结肠直肠癌KRAS、NRAS、BRAF基因突变及其与临床病理特征、p53蛋白表达间相关性研究

doi:10.16150/j.1671-2870.2018.06.012

摘要/Abstract

摘要： 目的：筛查肠直肠癌患者的KRAS、NRAS和BRAF基因亚型突变状态, 并分析其与患者临床病理特征及p53蛋白表达情况间的相关性。方法：收集110例手术切除的结肠直肠癌病理资料及组织学样本, 总结临床病理特征;采用突变阻滞扩增系统法检测KRAS、NRAS基因2、3、4号外显子第12、13、61、117、146密码子及BRAF基因15号外显子第600密码子的突变情况;采用免疫组织化学（免疫组化）法检测p53蛋白的表达情况。结果：KRAS基因突变率为45.4%（50/110）, 其中49例患者检测到2号外显子第12和13密码子突变, 1例检测到4号外显子第117和146密码子突变;NRAS基因突变率为6.3%（7/110）, 其中3例检测到2号外显子第12和13密码子突变, 3例检测到3号外显子第61密码子突变, 1例检测到4号外显子第146密码子突变, 且与KRAS基因存在共突变;BRAF基因15号外显子第600密码子突变率为2.7%（3/110）;p53蛋白阳性表达率为57.3%（63/110）, 其中27例患者存在KRAS基因突变, 7例存在NRAS基因突变, 2例存在BRAF基因突变。KRAS基因突变率与患者的淋巴结转移显著相关（P<0.05）;而NRAS基因突变与其组织分型及p53蛋白表达显著相关（P<0.05）;BRAF基因突变率与右半结肠癌显著相关（P<0.05）。结论：KRAS与结肠直肠癌发生、发展的分子机制关系密切;BRAF基因突变仅见于右半结肠, 提示右半结肠癌发生机制可能有其特殊性;p53蛋白表达与NRAS基因突变之间是否存在相互作用关系值得进一步研究。

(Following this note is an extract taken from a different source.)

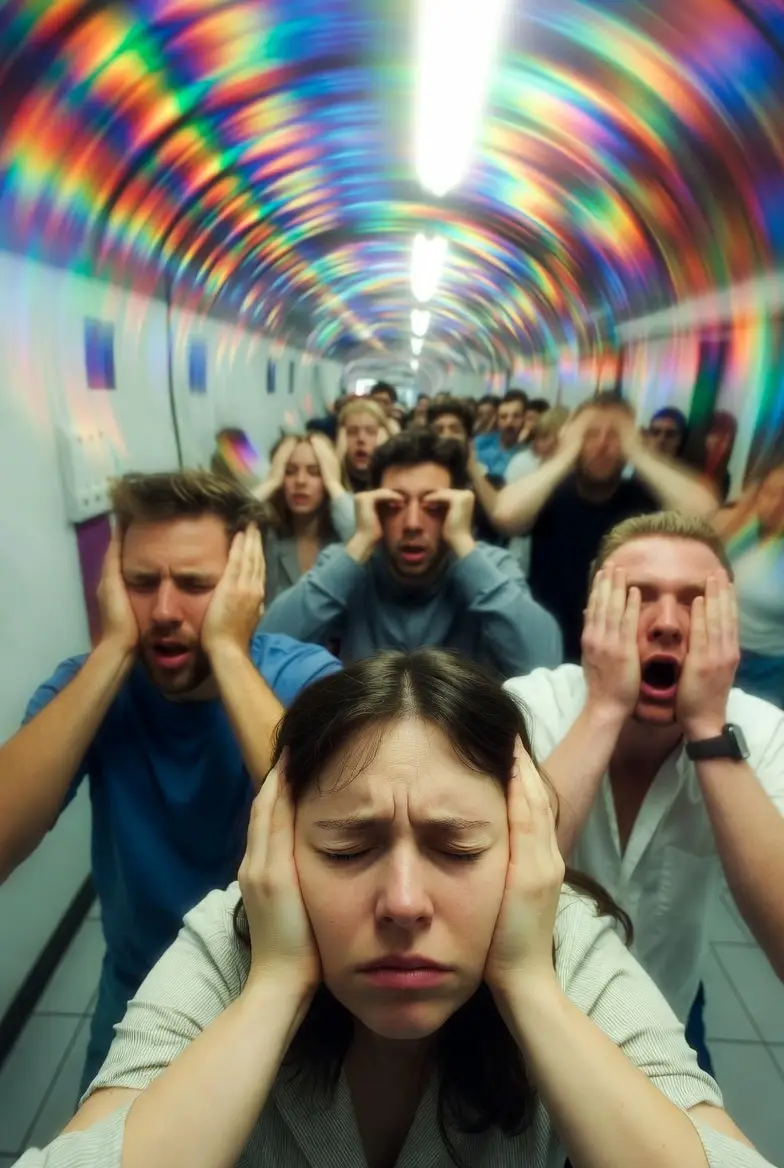 How Sensory Overload Is Diagnosed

关键词: 结肠直肠癌, KRAS, NRAS, BRAF, P53

Abstract: Objective: To examine the mutation frequencies of KRAS, NRAS and BRAF in colorectal cancer (CRC) among Chinese population, and to investigate their correlation with clinicopathological parameters and p53 protein expression. Methods: Tissue samples and pathological data of 110 CRC patients undergoing surgical excision were collected, and the clinical pathological features were summarized. Mutations in KRAS (codon 12/13 at exon 2, codon 61 at exon 3 and codon 117/146 at exon 4), NRAS (codon 12/13 at exon 2, codon 61 at exon 3 and codon 146 at exon 4) and BRAF (codon 600 at exon 15) genes were examined with ARMS-PCR. p53 protein expression was detected by immunohistochemistry. Results: 45.4% (50/110) patients carried KRAS mutations; among them, almost all individuals had mutation in KRAS codon 12/13 at exon 2, except one individual had codon 117/146 at exon 4 mutated. 6.3% (7/110) patients carried NRAS mutations; among them, 3/110 patients had mutation in NRAS exon 2 (condon 12/13), 3/110 patients had mutation in NRAS exon 3 (condon 61), 1/110 patient had mutations in both NRAS exon 4 (condon 146) and KRAS. BRAF mutations were detected in 3 patients (2.7%), and were found to have V600E mutations. p53 expression was observed in 63 (57.3%) of 110 CRC patients. Within these 63 positive samples, 27 cases showed KRAS mutations, 7 cases showed NRAS mutations and 2 cases showed BRAF mutations. KRAS mutation was significantly associated with lymph node metastasis (P<0.05) while NRAS mutation was significantly associated with histological type and p53 protein expression (P<0.05). BRAF mutation was significantly associated with right colon cancer (P<0.05). Conclusions: KRAS is closely related to the molecular mechanism of occurrence and development of colorectal cancer. BRAF mutation is only found in right colon cancer, suggesting that the mechanism of right hemicolon cancer may have its particularity. The interaction between p53 protein expression and NRAS mutation is worthy of further study.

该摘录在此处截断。